- Phalwari Location within Pakistan
- Coordinates: 32°17′24″N 75°10′16″E﻿ / ﻿32.29000°N 75.17111°E
- Country: Pakistan
- Province: Punjab
- District: Narowal District
- Tehsil: Shakargarh Tehsil

Area
- • Total: 100 km^{2} (39 sq mi)
- Time zone: UTC+5 (PST)
- Postal code span: 51800
- Area code: 0542

= Phalwari =

Phalwari is an administrative village in Shakargarh Tehsil, Narowal District, Pakistan. It is located very near to Shakargarh city.

== Demographics ==
The area of the village is approximately 100 square kilometers. The village has a primary school for girls and bBoys separately organized by the Government of the Punjab. It is one of the most populated village of Shakargarh. The southern side of the village is bonded with Maryal and Shakargarh.

== Phalwari in Asma's Words ==
Phalwari is a village in the east with a stadium for men and women, and a separate area for families. When it rains, the village offers a stunning view of the beautiful Kashmir mountains.

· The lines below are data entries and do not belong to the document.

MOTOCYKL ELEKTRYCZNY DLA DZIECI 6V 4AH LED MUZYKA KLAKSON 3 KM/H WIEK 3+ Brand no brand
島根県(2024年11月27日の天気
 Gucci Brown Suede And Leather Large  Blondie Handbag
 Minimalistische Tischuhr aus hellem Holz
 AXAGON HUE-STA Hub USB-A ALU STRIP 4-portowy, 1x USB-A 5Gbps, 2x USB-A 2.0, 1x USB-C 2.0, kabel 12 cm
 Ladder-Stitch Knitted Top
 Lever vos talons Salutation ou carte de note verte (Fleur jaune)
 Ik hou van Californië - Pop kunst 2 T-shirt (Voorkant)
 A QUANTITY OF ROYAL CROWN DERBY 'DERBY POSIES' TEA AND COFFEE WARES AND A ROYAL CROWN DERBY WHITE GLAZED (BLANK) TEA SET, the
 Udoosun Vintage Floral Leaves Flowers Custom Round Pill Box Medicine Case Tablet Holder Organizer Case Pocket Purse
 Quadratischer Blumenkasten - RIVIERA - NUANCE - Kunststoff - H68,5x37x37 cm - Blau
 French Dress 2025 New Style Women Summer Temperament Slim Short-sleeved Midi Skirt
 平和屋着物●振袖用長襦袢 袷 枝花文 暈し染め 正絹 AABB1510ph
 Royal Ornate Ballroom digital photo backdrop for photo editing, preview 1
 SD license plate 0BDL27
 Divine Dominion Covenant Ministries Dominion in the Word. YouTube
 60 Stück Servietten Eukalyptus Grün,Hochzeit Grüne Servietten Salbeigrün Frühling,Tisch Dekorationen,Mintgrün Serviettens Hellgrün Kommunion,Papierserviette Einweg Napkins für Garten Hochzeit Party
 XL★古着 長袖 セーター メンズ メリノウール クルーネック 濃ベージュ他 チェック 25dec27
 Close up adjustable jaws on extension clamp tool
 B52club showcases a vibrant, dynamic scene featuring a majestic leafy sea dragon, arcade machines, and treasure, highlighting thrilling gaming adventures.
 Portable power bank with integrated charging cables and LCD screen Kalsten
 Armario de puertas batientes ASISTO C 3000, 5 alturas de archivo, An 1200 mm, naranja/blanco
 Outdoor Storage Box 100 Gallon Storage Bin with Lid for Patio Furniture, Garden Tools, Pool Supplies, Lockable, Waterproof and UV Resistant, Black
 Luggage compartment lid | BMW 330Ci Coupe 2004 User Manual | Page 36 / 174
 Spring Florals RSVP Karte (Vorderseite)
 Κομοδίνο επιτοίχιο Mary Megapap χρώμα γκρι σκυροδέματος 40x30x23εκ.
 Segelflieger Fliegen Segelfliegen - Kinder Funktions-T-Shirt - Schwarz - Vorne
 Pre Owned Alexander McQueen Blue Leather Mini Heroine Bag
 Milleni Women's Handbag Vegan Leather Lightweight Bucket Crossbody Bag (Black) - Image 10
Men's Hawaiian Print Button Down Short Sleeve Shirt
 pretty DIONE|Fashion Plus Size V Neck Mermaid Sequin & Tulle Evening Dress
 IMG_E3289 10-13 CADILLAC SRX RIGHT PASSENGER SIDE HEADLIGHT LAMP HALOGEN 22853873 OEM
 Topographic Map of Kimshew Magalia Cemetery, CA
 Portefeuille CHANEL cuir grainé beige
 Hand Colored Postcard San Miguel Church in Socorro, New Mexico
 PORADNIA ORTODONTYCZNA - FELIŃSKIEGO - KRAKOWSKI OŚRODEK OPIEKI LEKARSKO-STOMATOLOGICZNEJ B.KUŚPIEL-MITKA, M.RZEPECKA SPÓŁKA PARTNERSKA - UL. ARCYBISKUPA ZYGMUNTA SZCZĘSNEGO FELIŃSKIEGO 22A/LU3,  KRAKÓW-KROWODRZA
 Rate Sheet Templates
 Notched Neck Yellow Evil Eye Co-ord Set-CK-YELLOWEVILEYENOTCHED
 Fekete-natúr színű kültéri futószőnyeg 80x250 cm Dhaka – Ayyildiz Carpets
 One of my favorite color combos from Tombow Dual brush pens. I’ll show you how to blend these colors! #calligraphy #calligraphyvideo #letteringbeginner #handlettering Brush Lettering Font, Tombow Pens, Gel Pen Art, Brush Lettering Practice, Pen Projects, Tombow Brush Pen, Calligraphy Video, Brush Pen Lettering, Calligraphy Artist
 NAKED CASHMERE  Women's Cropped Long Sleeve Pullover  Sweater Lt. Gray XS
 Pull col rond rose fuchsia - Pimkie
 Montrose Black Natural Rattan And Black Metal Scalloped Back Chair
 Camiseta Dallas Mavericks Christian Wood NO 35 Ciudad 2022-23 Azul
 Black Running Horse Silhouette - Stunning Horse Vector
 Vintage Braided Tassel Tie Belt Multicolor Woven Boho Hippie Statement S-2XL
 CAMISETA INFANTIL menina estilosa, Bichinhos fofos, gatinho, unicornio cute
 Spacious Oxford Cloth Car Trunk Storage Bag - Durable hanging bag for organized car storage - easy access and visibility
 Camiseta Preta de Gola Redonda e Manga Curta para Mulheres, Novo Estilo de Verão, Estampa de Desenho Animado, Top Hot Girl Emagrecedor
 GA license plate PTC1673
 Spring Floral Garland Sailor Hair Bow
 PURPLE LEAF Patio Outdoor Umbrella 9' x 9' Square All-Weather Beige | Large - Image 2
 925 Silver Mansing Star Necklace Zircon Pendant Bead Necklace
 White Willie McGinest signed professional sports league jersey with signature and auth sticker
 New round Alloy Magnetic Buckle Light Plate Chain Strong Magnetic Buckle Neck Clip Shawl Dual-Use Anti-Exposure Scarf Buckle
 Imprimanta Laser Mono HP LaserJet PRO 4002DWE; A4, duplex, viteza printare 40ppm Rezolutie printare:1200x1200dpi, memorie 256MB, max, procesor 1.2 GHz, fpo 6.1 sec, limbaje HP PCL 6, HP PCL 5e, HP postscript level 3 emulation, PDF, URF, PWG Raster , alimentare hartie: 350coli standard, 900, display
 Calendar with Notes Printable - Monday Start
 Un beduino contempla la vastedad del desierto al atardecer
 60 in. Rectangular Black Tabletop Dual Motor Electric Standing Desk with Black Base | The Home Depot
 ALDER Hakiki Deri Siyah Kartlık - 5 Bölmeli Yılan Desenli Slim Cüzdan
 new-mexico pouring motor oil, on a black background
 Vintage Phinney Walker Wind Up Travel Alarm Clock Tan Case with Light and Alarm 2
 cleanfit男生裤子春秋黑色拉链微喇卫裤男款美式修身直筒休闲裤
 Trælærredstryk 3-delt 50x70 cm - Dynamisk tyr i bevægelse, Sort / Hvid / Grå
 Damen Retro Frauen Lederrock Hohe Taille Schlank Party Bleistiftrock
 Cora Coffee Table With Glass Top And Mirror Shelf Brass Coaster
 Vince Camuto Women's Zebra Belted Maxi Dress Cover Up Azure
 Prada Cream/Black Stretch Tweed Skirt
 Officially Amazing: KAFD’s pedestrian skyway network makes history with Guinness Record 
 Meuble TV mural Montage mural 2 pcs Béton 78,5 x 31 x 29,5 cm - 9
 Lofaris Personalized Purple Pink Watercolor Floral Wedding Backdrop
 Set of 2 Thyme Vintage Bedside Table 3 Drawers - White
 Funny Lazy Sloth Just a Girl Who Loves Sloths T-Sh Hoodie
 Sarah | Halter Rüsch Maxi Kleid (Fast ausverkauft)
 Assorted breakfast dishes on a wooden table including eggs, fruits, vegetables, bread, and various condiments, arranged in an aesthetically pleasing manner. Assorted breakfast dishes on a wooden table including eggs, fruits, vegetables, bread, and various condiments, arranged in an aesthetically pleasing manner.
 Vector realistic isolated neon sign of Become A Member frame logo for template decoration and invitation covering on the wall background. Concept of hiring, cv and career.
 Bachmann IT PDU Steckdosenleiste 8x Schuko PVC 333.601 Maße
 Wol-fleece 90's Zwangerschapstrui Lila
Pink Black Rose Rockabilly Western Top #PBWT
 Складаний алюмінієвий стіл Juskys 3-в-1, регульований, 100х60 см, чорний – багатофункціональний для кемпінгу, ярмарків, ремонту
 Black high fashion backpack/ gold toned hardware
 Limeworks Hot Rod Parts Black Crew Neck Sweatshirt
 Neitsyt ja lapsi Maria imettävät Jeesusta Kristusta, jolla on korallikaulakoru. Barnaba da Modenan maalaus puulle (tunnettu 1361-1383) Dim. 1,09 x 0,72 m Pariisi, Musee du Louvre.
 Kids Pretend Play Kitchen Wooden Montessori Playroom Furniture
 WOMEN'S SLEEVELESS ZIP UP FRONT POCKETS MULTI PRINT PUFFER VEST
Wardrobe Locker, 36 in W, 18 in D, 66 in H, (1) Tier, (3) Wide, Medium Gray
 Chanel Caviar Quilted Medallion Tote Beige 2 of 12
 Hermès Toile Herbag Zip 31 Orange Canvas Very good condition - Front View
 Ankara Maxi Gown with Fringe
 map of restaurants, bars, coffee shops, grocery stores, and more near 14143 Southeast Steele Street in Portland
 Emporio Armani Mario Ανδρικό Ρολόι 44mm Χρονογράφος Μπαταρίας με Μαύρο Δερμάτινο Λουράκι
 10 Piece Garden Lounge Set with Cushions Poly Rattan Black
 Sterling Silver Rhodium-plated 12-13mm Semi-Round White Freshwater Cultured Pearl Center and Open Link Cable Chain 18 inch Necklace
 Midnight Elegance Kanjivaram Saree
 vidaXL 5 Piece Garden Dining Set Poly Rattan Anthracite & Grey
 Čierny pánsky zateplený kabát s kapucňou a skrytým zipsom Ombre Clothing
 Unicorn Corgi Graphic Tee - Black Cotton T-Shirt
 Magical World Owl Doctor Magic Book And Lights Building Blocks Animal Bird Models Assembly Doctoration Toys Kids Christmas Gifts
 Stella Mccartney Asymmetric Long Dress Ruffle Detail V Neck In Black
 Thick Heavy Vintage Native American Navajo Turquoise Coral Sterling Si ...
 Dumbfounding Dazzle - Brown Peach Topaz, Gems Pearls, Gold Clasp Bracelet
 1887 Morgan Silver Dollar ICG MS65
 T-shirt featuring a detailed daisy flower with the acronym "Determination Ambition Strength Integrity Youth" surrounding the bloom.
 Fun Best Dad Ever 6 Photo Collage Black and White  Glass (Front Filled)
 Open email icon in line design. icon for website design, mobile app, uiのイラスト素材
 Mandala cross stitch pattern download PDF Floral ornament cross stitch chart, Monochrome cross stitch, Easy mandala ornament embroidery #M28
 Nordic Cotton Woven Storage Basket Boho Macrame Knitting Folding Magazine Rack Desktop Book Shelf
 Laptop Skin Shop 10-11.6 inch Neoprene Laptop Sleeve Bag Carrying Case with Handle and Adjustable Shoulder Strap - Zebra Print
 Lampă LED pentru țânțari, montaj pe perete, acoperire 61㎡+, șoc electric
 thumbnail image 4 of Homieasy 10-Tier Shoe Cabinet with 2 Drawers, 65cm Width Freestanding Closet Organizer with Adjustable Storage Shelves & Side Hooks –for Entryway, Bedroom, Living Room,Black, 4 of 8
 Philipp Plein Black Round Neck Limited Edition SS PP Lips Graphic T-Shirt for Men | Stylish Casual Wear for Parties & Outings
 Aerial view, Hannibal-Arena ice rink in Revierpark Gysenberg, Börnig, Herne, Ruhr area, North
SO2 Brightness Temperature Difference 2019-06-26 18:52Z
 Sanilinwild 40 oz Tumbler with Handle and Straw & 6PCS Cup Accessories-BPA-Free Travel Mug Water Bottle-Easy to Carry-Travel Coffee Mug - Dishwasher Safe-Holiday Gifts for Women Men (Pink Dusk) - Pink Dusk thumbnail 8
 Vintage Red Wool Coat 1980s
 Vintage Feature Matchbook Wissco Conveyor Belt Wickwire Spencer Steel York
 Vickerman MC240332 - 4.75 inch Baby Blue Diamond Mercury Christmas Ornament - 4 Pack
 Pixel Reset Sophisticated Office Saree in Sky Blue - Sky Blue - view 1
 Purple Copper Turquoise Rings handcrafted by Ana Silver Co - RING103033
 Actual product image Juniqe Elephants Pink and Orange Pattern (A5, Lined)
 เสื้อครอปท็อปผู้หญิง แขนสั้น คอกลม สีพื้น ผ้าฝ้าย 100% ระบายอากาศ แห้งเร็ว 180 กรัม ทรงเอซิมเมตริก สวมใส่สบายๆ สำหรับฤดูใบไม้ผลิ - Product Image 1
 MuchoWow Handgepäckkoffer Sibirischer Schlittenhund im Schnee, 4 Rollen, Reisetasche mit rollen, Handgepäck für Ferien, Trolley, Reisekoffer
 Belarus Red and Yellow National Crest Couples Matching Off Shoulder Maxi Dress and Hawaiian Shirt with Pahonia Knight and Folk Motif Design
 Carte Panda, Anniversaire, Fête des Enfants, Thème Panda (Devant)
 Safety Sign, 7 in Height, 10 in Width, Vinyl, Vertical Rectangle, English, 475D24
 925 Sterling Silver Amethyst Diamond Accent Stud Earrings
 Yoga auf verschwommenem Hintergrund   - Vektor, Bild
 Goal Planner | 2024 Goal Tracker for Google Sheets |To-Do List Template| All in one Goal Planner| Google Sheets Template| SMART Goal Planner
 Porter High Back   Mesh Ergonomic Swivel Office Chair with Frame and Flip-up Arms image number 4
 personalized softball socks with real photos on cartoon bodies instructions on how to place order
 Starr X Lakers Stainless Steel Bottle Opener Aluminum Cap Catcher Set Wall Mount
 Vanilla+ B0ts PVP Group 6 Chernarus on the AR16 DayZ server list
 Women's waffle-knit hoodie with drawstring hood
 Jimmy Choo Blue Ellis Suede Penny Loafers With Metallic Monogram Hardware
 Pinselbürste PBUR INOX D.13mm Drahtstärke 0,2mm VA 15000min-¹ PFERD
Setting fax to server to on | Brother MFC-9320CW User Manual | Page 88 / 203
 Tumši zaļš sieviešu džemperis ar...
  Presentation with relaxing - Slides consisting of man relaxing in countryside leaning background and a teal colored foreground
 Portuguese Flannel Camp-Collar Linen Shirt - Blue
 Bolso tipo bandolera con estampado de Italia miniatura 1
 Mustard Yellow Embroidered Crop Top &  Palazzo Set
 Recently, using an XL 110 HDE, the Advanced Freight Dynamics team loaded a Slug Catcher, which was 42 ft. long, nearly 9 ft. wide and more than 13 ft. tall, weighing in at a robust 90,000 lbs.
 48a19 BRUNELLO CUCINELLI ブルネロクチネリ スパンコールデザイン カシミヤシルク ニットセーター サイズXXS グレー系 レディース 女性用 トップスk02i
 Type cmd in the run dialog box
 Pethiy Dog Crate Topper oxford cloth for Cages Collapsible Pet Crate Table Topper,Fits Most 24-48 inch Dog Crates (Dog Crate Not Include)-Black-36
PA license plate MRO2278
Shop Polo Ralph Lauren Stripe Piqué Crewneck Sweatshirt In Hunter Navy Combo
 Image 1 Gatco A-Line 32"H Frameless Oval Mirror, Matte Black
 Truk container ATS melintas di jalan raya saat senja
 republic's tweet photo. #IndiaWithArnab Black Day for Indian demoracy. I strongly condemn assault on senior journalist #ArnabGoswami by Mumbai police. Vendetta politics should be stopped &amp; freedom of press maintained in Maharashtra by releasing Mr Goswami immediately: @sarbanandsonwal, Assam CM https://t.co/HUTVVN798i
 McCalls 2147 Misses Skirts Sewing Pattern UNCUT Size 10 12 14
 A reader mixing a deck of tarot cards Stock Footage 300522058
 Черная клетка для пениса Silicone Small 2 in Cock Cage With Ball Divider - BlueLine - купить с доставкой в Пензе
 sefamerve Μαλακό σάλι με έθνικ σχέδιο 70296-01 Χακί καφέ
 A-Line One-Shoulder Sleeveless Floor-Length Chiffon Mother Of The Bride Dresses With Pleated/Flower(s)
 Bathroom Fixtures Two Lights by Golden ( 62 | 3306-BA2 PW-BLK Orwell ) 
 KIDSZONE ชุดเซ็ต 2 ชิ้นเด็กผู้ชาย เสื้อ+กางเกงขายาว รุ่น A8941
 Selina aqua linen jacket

Phalwari has a unique characteristic where every fourth man from the village resides abroad. The village graveyard is situated towards the northern side.There are 4 mosques in village. Due to its proximity to Shakargarh, the villagers often make trips to the nearby bazaar, especially during the wedding seasons.

The people of Phalwari focus on education for children. They believe that sports and education is most important. Phalwari serves a grassroots sports complex with state-level players.

Our grandmother often told us that there used to be a princess living in her palace here, but then a flood came and washed everything away. After that, for a long time, when the land was being leveled near the graveyard, farmers would find many things, like buried treasures.

Most Important: The Phalwari's girls are exceptionally talented, surpassing the boys in their abilities.